DATA:
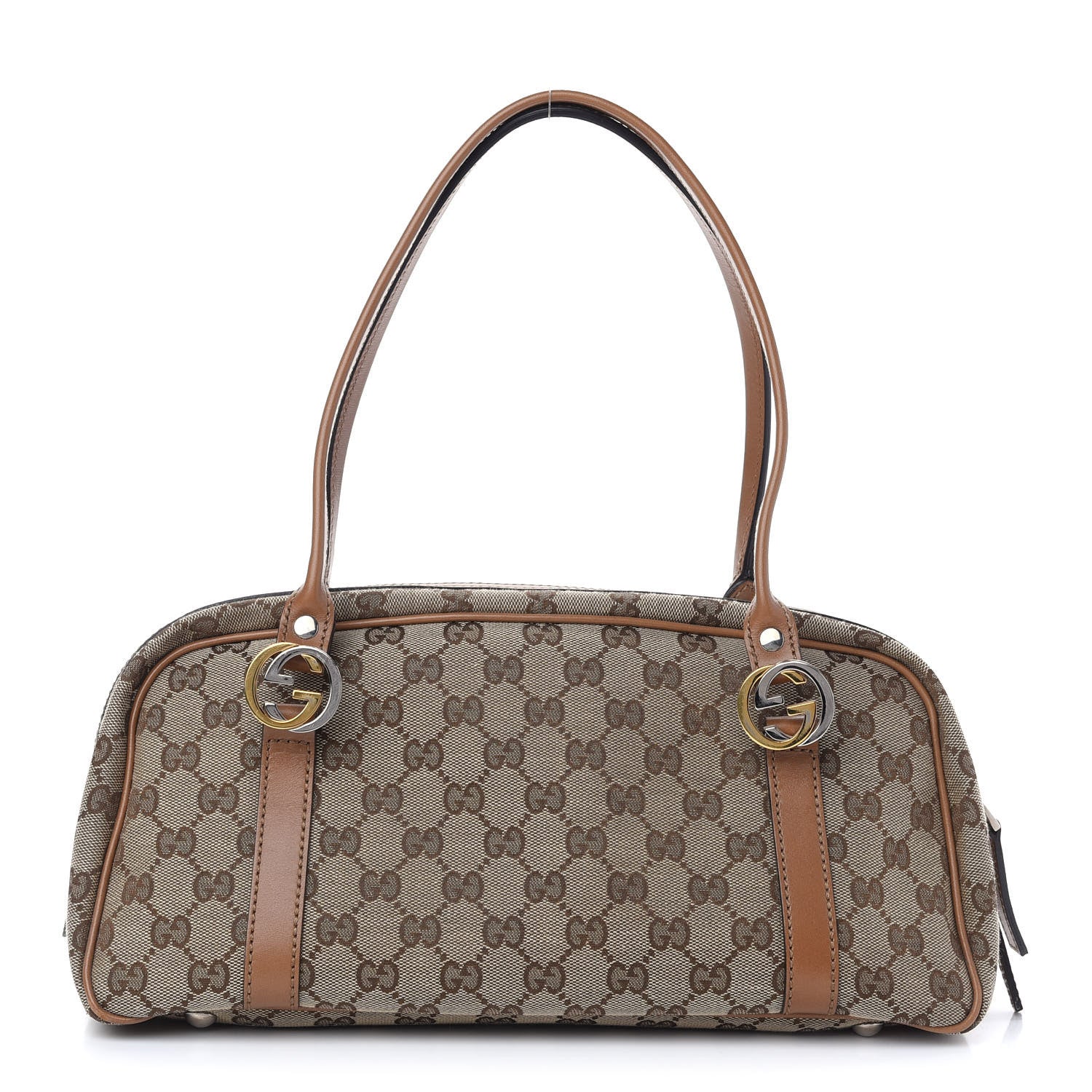 Gucci Monogram GG Twins Boston Brown 1 of 9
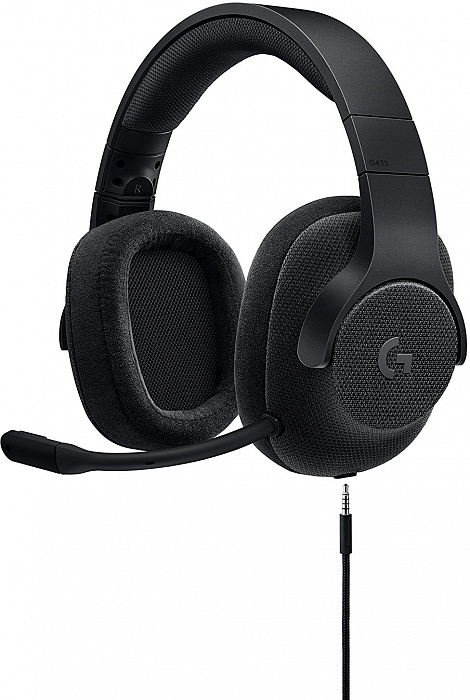 Компьютерная гарнитура Logitech G433 981-000668 (Triple Black) купить в интернет-магазине icover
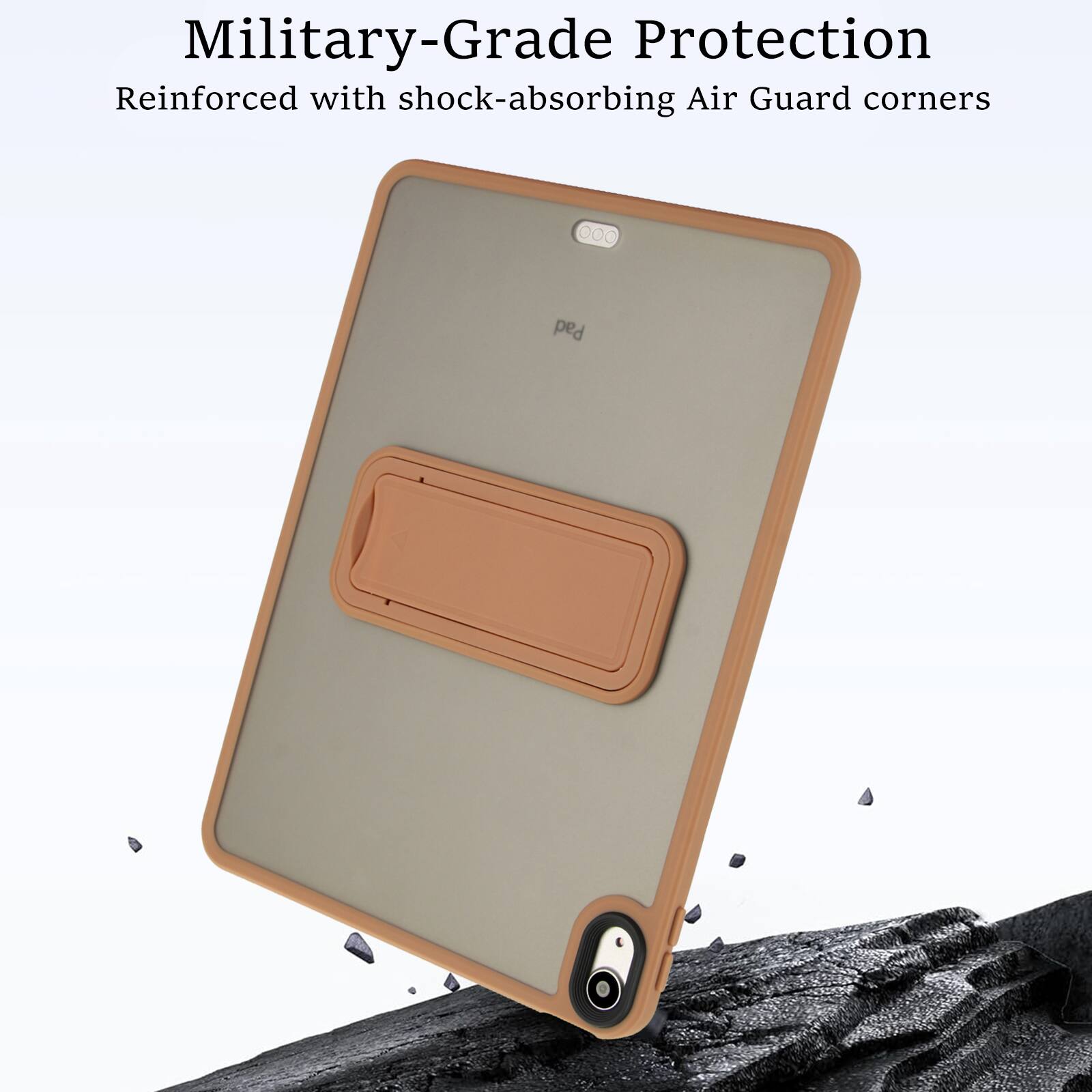 Military-Grade Protection  
Reinforced with shock-absorbing Air Guard corners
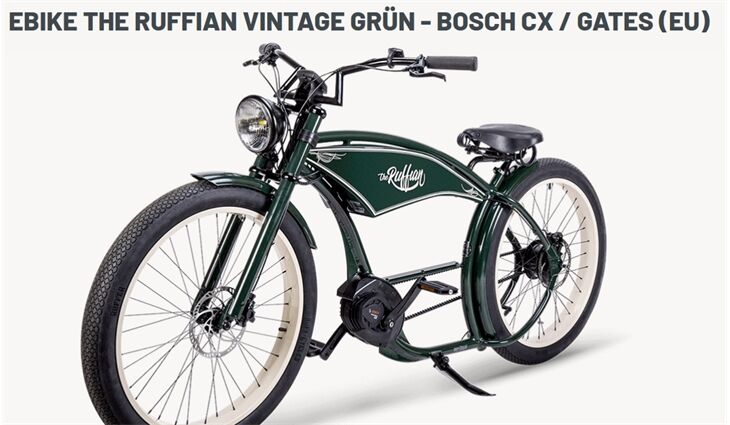 Ruff Cycles Elektro Ruffian Lackschaden Sonderpeis
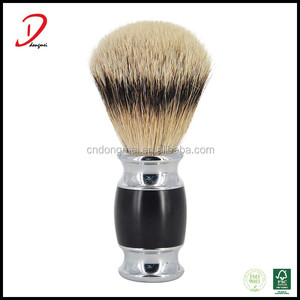 Professionnel de haute qualité de luxe blaireau, poignée en métal poils de blaireau de rasage brosse gros - Product Image 2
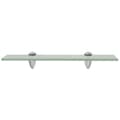 Miniatyrbilde 3 av 5: vidaXL Flytende hyller 2 stk glass 40x20 cm 8 mm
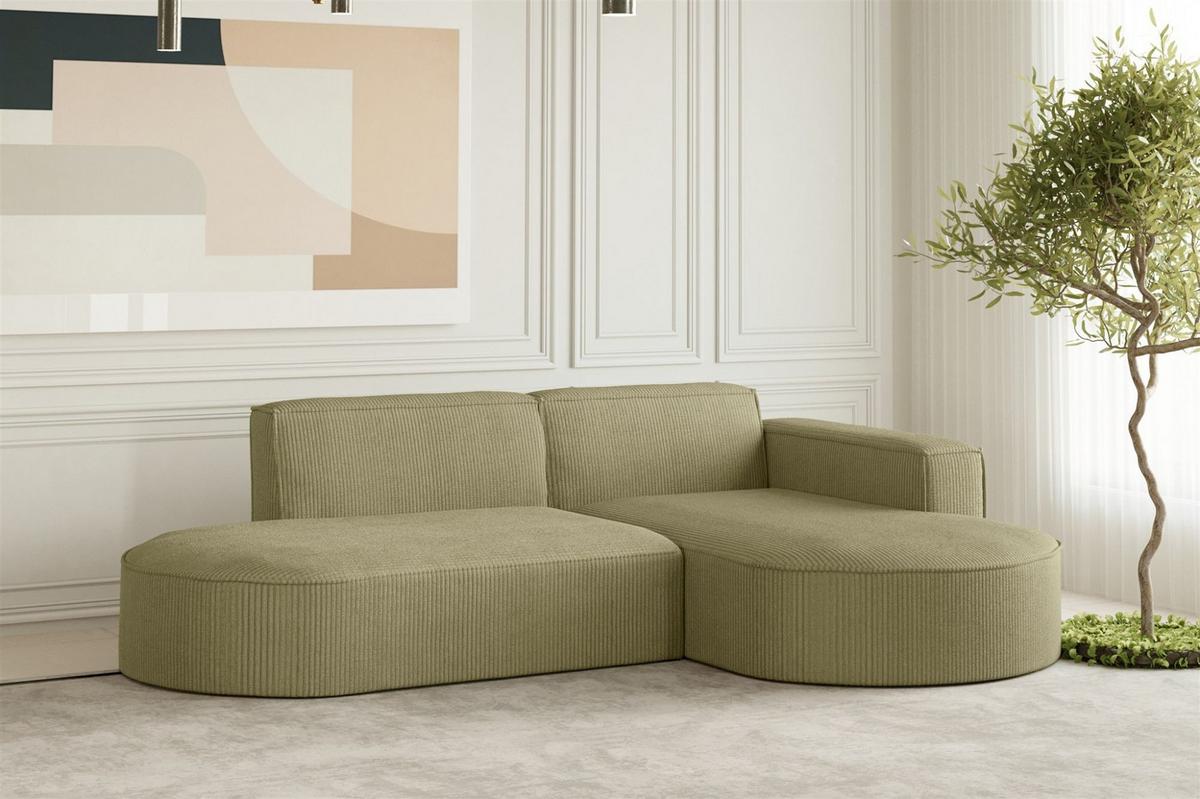 SOFASET Palma In Scala - Opal, Holzwerkstoff/Textil (236/78/165cm) - Fun Möbel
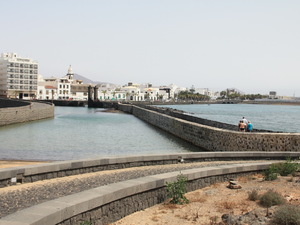 Arrecife - widok na most kul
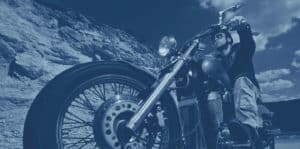 Motorcycle and Rider - Motorcycle Accident Lawyer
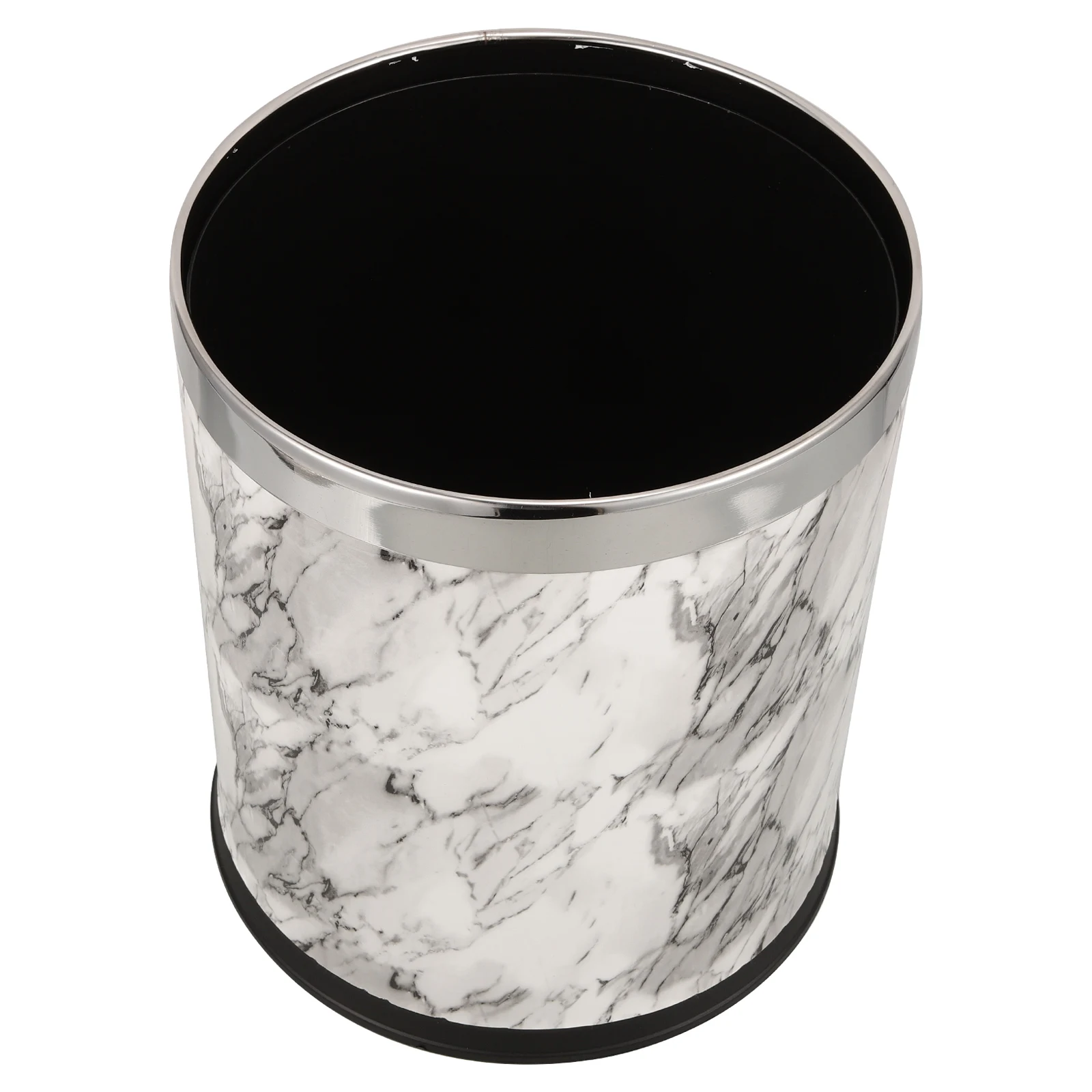

Simulated Marble Trash Can 225x260mm Double Layer Plastic PU Home Kitchen Bathroom Bedroom Living Room Waste Bin Garbage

TASK TO COMPLETE:
Write out exactly the lines from the line that contains "Reinforced with shock-absorbing" to the last line of the material above, both included; pictures do not belong in the copy.

EXERCISE SOLUTION:
Reinforced with shock-absorbing Air Guard corners
 Ruff Cycles Elektro Ruffian Lackschaden Sonderpeis
 Professionnel de haute qualité de luxe blaireau, poignée en métal poils de blaireau de rasage brosse gros - Product Image 2
 Miniatyrbilde 3 av 5: vidaXL Flytende hyller 2 stk glass 40x20 cm 8 mm
 SOFASET Palma In Scala - Opal, Holzwerkstoff/Textil (236/78/165cm) - Fun Möbel
 Arrecife - widok na most kul
 Motorcycle and Rider - Motorcycle Accident Lawyer

Simulated Marble Trash Can 225x260mm Double Layer Plastic PU Home Kitchen Bathroom Bedroom Living Room Waste Bin Garbage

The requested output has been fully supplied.